Выбрать главу

«Власть предержащие прекрасно понимают разницу между правом и позволением/…/ Право в строгом смысле слова дает доступ к осуществлению власти, за счет другой власти. Разрешение не уменьшает власть того, кто дает его; оно не увеличивает власть того, кто его получает. Оно делает его жизнь легче, а это уже кое-что» (233). «Вот как обстоят дела с правом на развод, аборт, однополым браком и т. д. — все это является разрешениями, замаскированными под права, они ни коим образом не меняют распределение власти. Таковы итоги воздействия «духа 68 года»: он «сделал фактически очень много, для того чтобы жизнь стала легче. Это много, но не все. Потому что он не посягнул на власть» (236). В этом кроется «секрет спокойствия, царящий во Франции последние 40 лет»: «дух 68-го сделался лучшим союзником реставрации. В этом секрет насилия, происходящего теперь все больше на окраинах городов: дух 68-го теперь удерживается только в тех, кто живет в городах. Бедная молодежь не знает, что с этим делать» (237). В то время как май 68-го был нацелен на тотальную (и тотально политизированную) активность, «дух 68-го» транспонировал эту активность в деполитизированную псевдодеятельность (новые стили жизни и т. д.), в саму форму социальной пассивности; итогом этого стали недавние вспышки насилия в пригородах, лишенных какого-либо утопического либо освободительного содержания.

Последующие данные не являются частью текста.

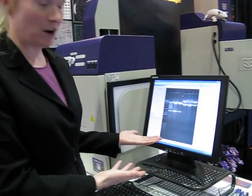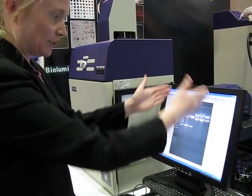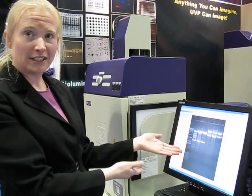Then you come over to the software part of it. You select preview just to square it up and see where it is. Then select capture, and after you select capture, you'll get a picture much like the one that you see on the screen here.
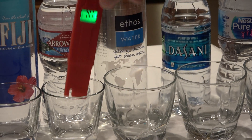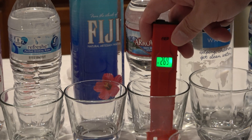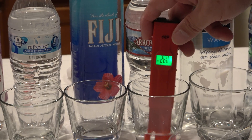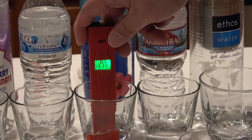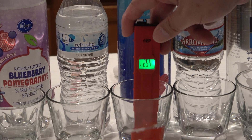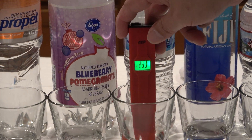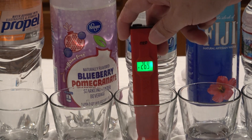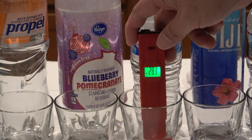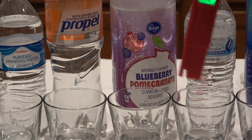The Arrowhead is about positive 260 something. The Fiji water is about positive 254. The Refresh is about 275 and climbing, 280 and climbing.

Горьким заключением Мильнера является: «Не говорите мне больше о разрешениях, контроле, равенстве; я знаю лишь силу. Вот мой вопрос: несмотря на примирение влиятельных лиц и солидарность сильнейших, как сделать так, чтобы слабые обрели власть?» (241) Если левые отступили к познанию сексуального или духовного Реального, то что же случилось с формой радикальной политической организации, полулегальными группами, готовящимися к последней апокалиптической битве в расщелинах государственной власти? Они снова появились в виде сюрвайвалистских групп в США: хотя их идеологическое послание носит религиозно-расистский характер, их способ организации (небольшие нелегальные группы, борющиеся с ФБР и другими федеральными агенствами)) делает их поразительно похожими на Черных пантер с 1960-х. Эти странные, звучащие в духе Хардта и Негри слова — из песни, сопровождающей «рекламное» видео Коннектикутского альянса сюрвайвалистов (CSA) с 1982 года: Множества и множества в долине решения Ибо день ГОСПОДА близится в долине решения.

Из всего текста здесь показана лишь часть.